As regards the modes of thought and the style of the communications attributed in Dr. Wickland's book to the spirit of Ella Wheeler Wilcox, the present writer is not in position to judge whether they are typical of the thought and style of the prototype. But in the case of those attributed to Mme. Blavatsky's spirit, the intellectual content of most of the utterances in the eight pages of its communications is of the feeble quality which is rather usual in "spirit" messages; and which, if the messages really emanated from the particular spirits claimed to be their authors, would cause one to weep for the then degeneration patently undergone after death by the minds of such of them as, like Mme. Blavatsky's, were anyway vigorous.

In this connection, it is interesting to note that the purported Blavatsky spirit says at one point: "Some may say this is not Madam Blavatsky ... They may say, she would not say so and so, she would not talk so and so, - but it is Madam Blavatsky" (p. 424). This would indicate that the would-be-Blavatsky "spirit" was conscious of the incongruity of its own utterances to the mind and personality of its claimed prototype.

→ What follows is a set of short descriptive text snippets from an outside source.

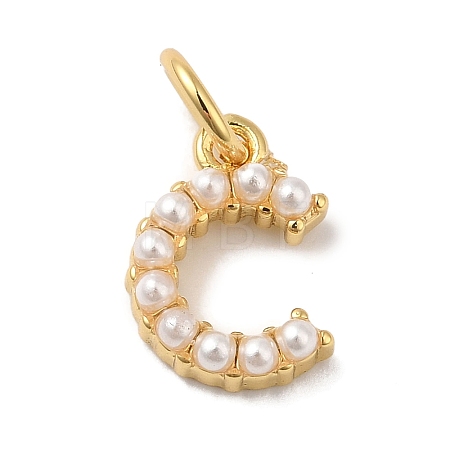 Rack Plating Brass with ABS Plastic Imitation Pearl Charms KK-B092-30C-G-1
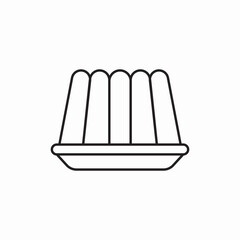 Jelly pudding dessert food icon vector sign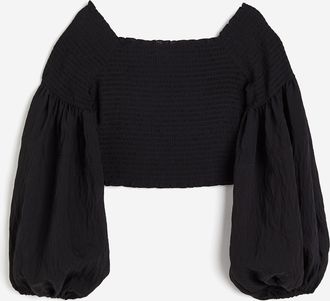 H&M Gesmoktes Off-Shoulder-Shirt - Schwarz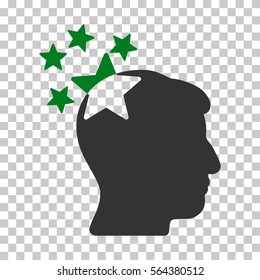 Green And Gray Stars Hit Head toolbar icon. Vector pictogram style is a flat bicolor symbol on chess transparent background.
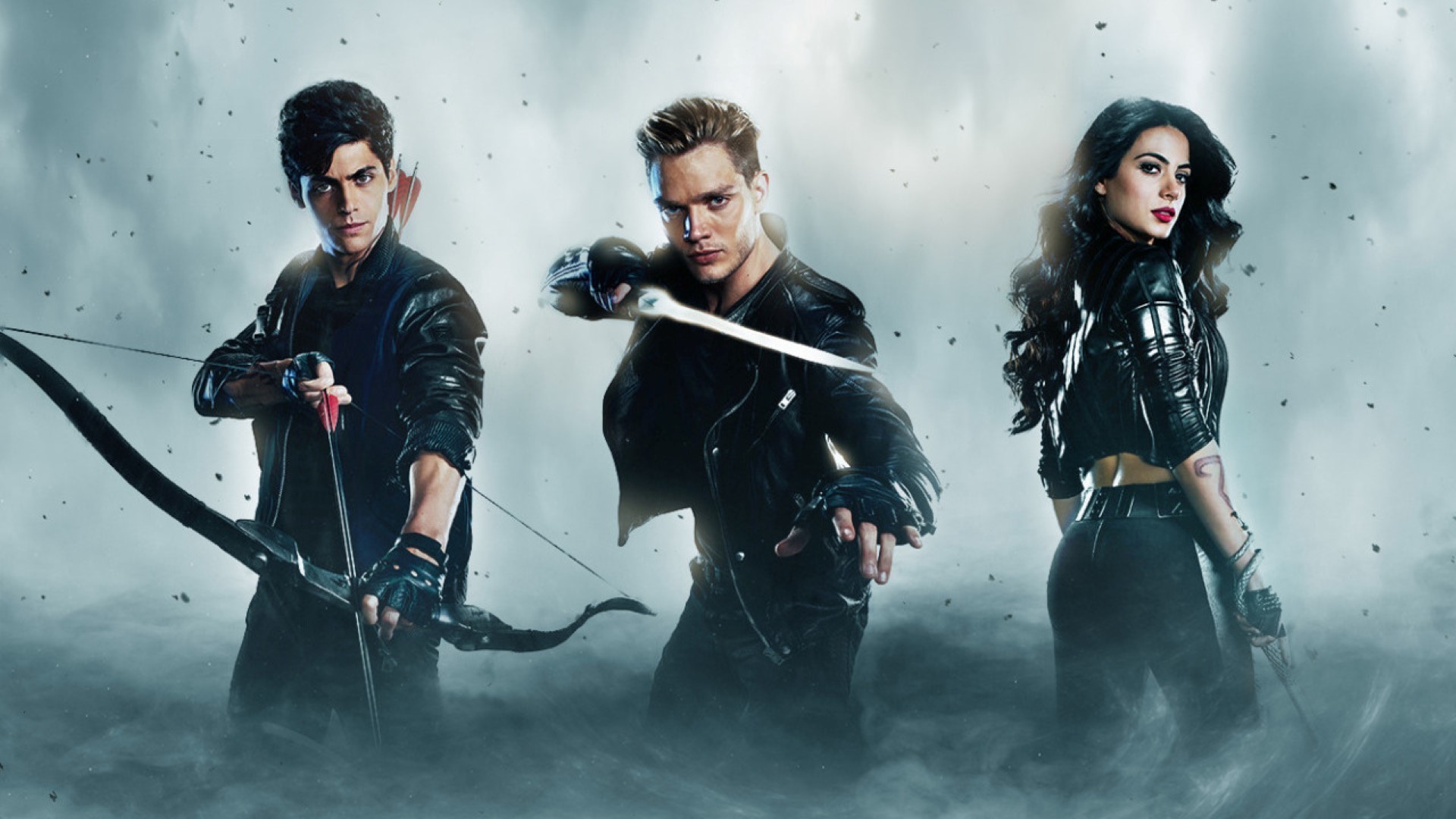 Matthew Daddario, Dominic Sherwood, Emeraude Toubia, Shadowhunters, Arco, Spada, Nebbia, wallpaper Full HD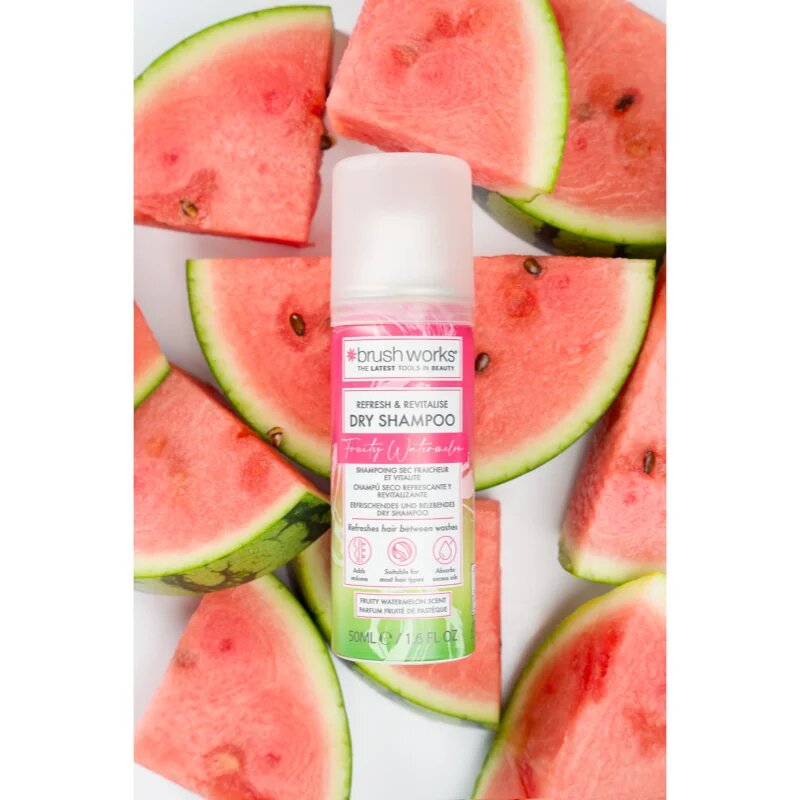 Brushworks Refresh & Revitalise Watermelon Dry Shampoo suhi šampon 50 ml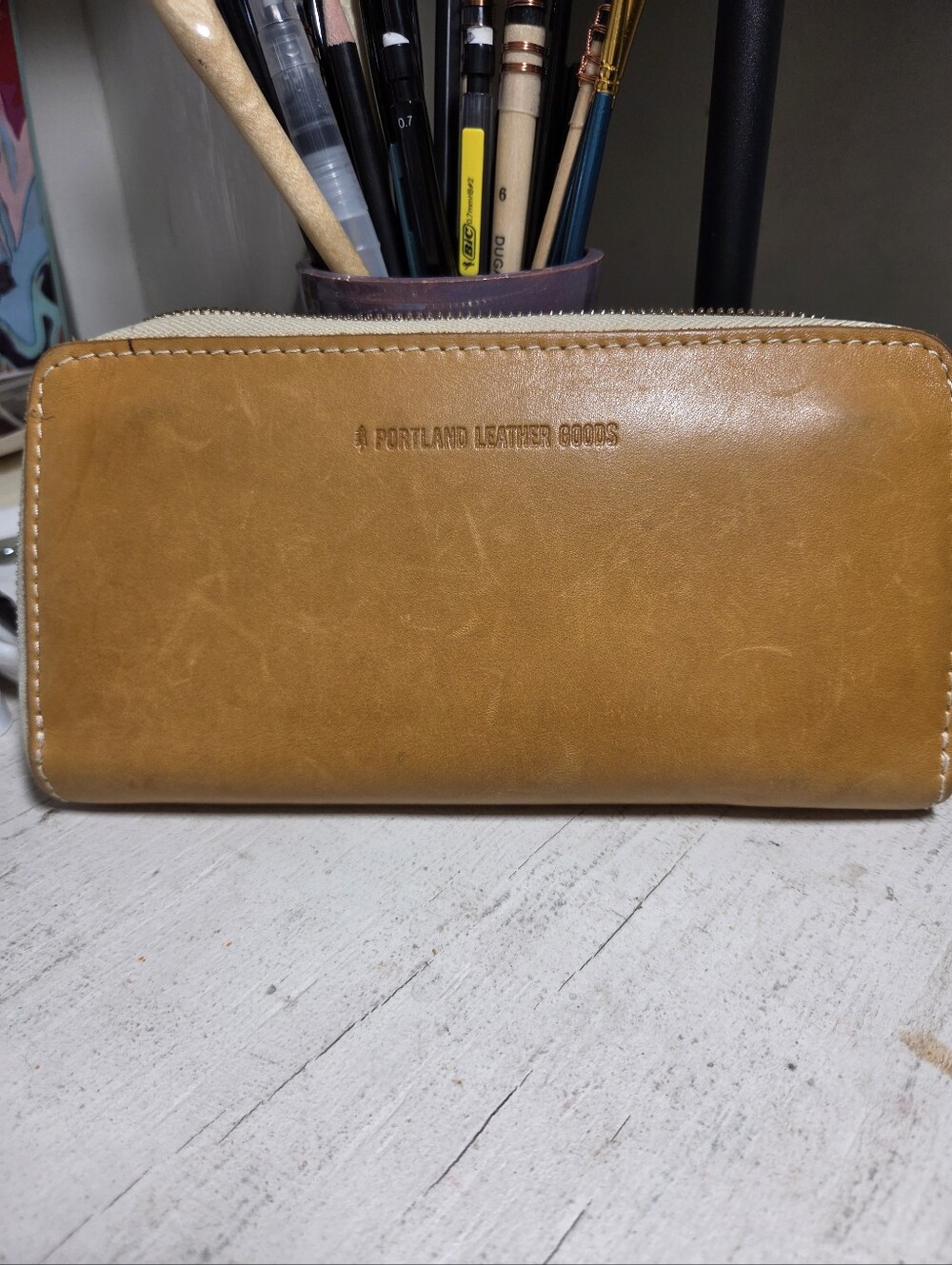 Portland Leather Honey Tan Zip-Around Wallet
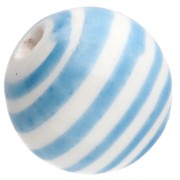 Round striped ceramic beads 12 mm - White - Sky Blue x4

Anyway, assuming for the purposes of the argument that the communications by mediums do come from discarnate human spirits, and even that these spirits are the particular ones they say they are, the really important point with regard to their denials of the reincarnation doctrine is that their lack of memory of lives earlier than their recent one on earth proves exactly nothing; just as the fact pointed out earlier that we now have no memory of the first few years after our birth or of the vast majority of our days since then, is no proof at all that we were not alive and conscious at those times. And the spirits' denial, or equally their assertion, that they will eventually reincarnate, is not based by them on any claim of paranormal capacity to precognize their own far remote future; nor is there any evidence that they have such capacity. Indeed, A. Campbell Holms, a writer who does not himself believe in reincarnation, but who is familiar with the records of spirit communications and apparently accepts them at their face value, writes: "Spirits long passed over, who appear to discuss matters with moderation and caution, if asked about reincarnation, will usually say that, although it may be true, they have no knowledge of it."(8)

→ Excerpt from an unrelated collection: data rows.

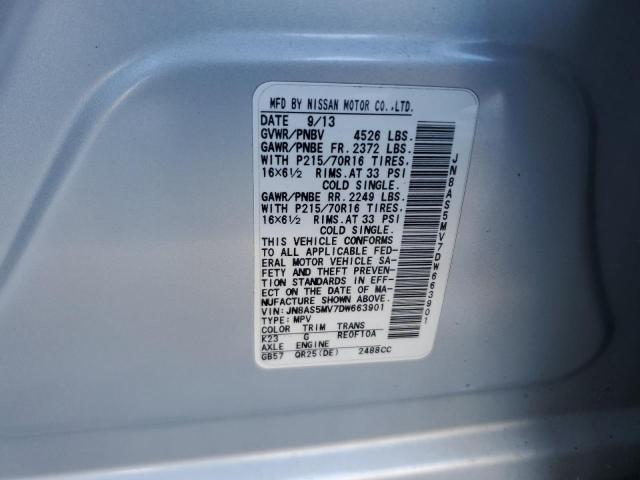 Photo 12 VIN: JN8AS5MV7DW663901 - NISSAN ROGUE S 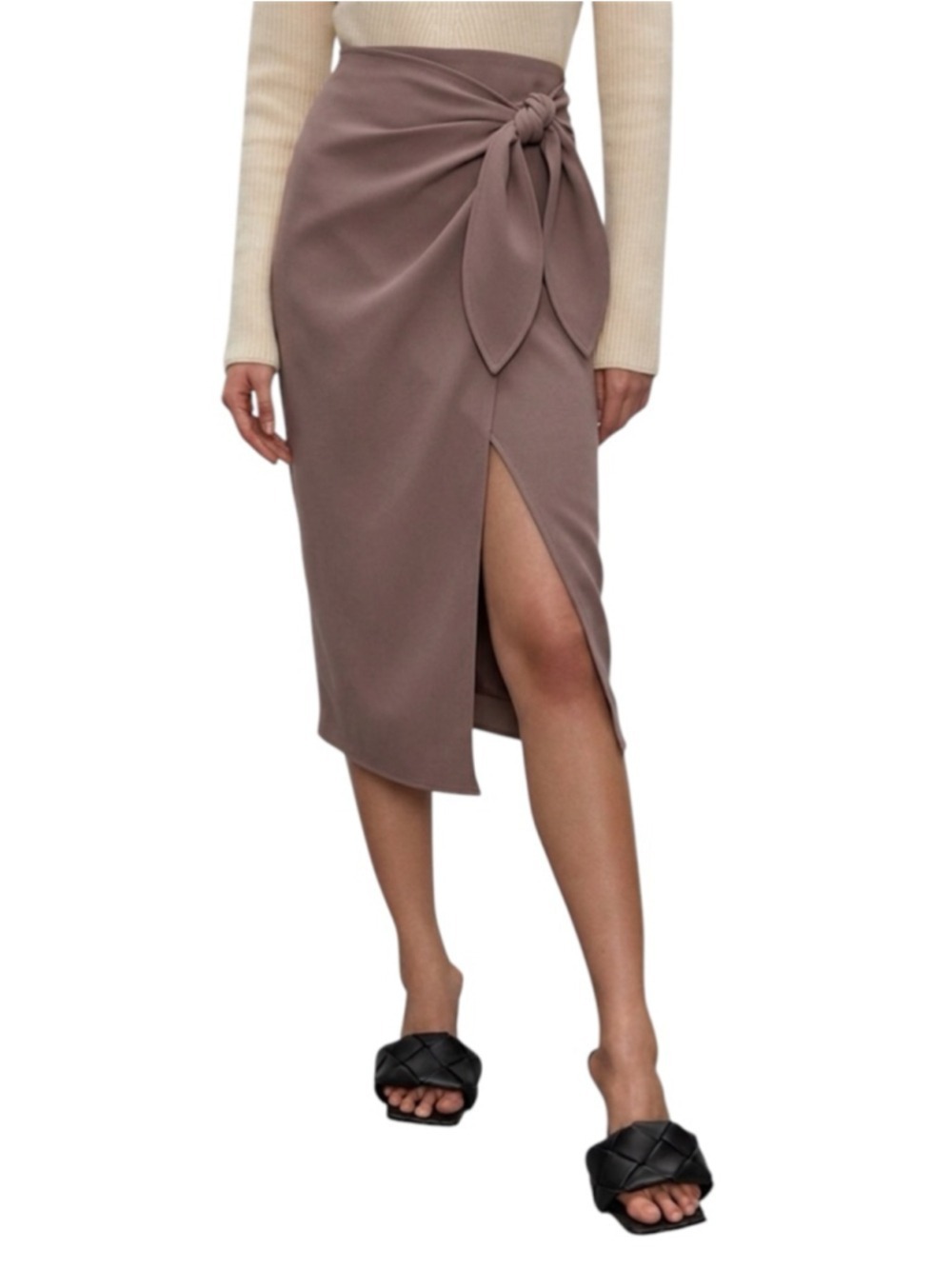 Aritzia Babaton Sarong Faux Wrap Skirt Size 10 Dusky Mauve Neutral Contemporary
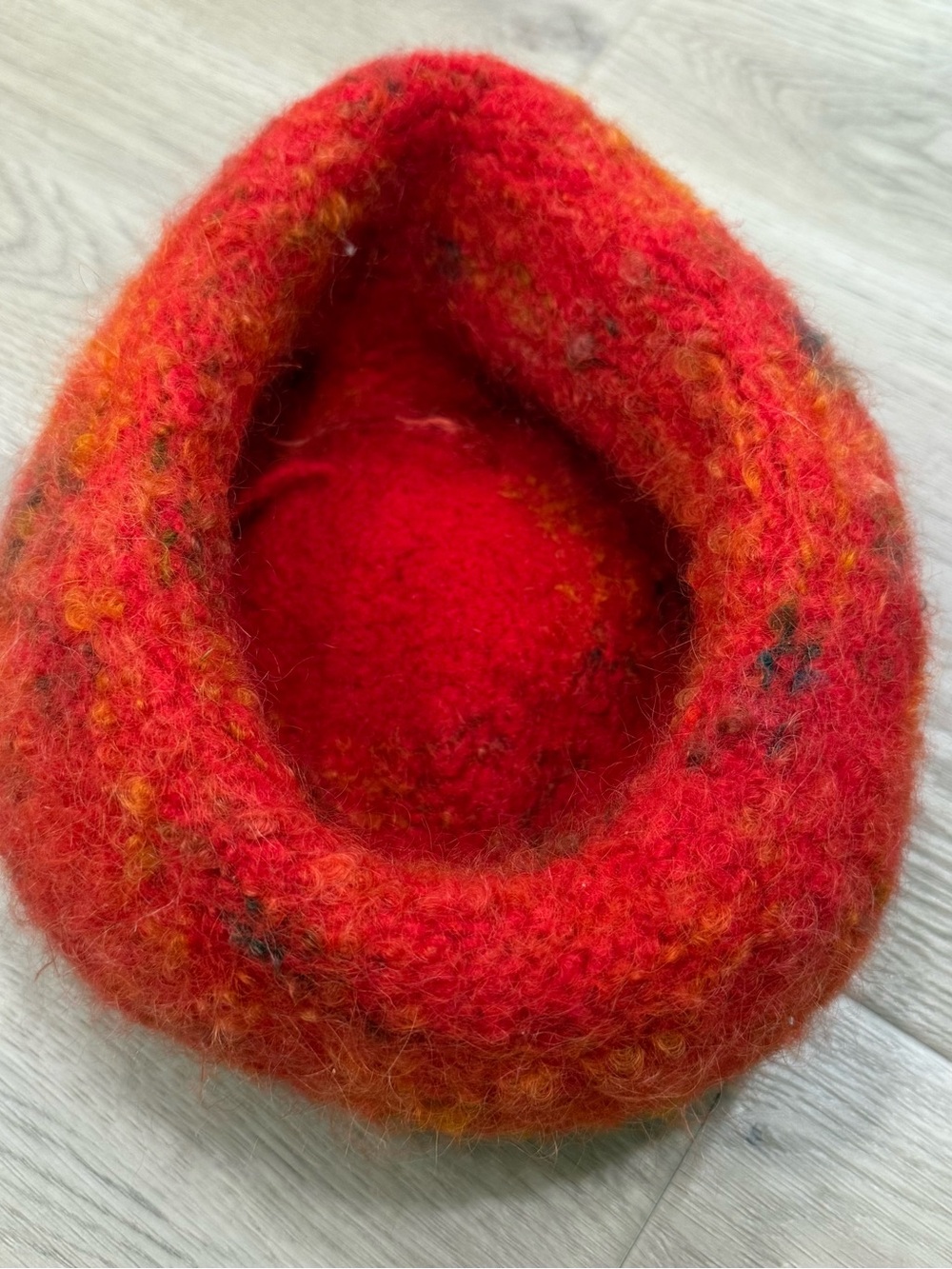 Felted Fuzzy Red with hints of yellow Wool Blend Rolled Bucket Hat - Picture 4 of 9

(8) The Facts of Psychic Science and Philosophy, London, Kegan Paul, 1925, p. 36.

Such "spirits" thus evince greater intellectual responsibility than do either those Spiritualists or Spiritists who naively assume that the mere fact of a person's having died constitutes an answer to the question how his surviving spirit knows, or whether it knows, that reincarnation is not, or is, a fact. All that a surviving discarnate spirit could competently testify to would be (a) that it has survived its body's death; (b) that, as yet, it has not reincarnated; and (c) that it does not, or as the case may be does, "remember" anterior lives on earth.